Zero Subsidy Affordable Housing

DESCRIPTION

This project is based on the idea that if people could buy only a percentage of the appreciation value that they can afford, and still secure stable access to a home, up to half of homelessness in dense urban regions could be prevented. Home buyers today buy 100% of a home at the time of purchase,and borrow money through a mortgage to be able to afford to do so. But this purchase masks the fact that they are buying two things at the same time- 100% of the future sale price of a home (so-called appreciation value), and 100% of the usage rights of that home while they are living there (so-called use value). If people could buy only the percentage of appreciation value that they can afford, and still secure stable access to a home, half of homelessness in dense, coastal urban regions such as the Bay Area, New York, Seattle could be prevented.

ACCOMPLISHMENTS

Our team has reviewed several financial theories, and the Stanford University model of providing zero-subsidy affordable housing for off-campus professors to develop a financial model.

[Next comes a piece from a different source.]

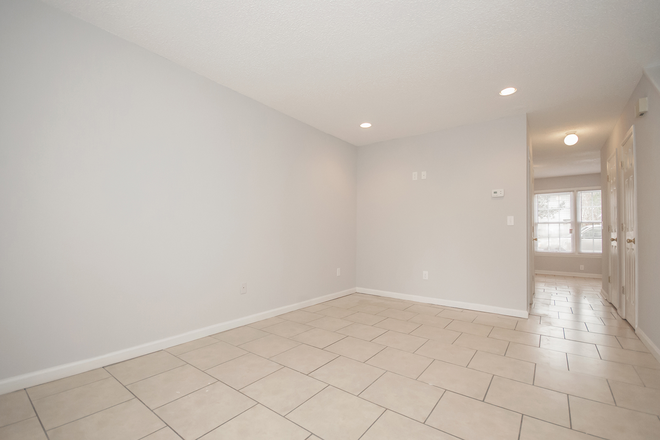 LIVING ROOM - 2 BED 1.5 BATH TOWNHOUSE - JAMES ISLAND - APPROX 20 MIN TO MUSC - 20 MIN TO FOLLY BEACH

One of the theories reviewed was how publicly traded holding companies can use accretion, dilution and stock swapping to secure private assets through creating access to liquidity and diversification. Our team has also reviewed how liquidity and diversification can support the subsequent achievement of housing access. If zero-subsidy affordable housing was at scale, then anyone who could buy one-quarter of a home’s appreciation value in locations such as the Bay Area, Seattle, NYC, and secure access to stable housing. The financial model would replicate the theories studied and demonstrate the feasibility of the homeless prevention thesis. Our team has reviewed how publicly traded holding companies can use accretion, dilution and stock swapping to secure private assets by creating access to liquidity and diversification. Our team has reviewed how liquidity and diversification in phase one can support the achievement of housing access in phase two. If zero-subsidy affordable housing was at scale, then anyone who could buy one-quarter of a home’s appreciation value in a high growth, coastal, high inequality city could then secure access to stable housing.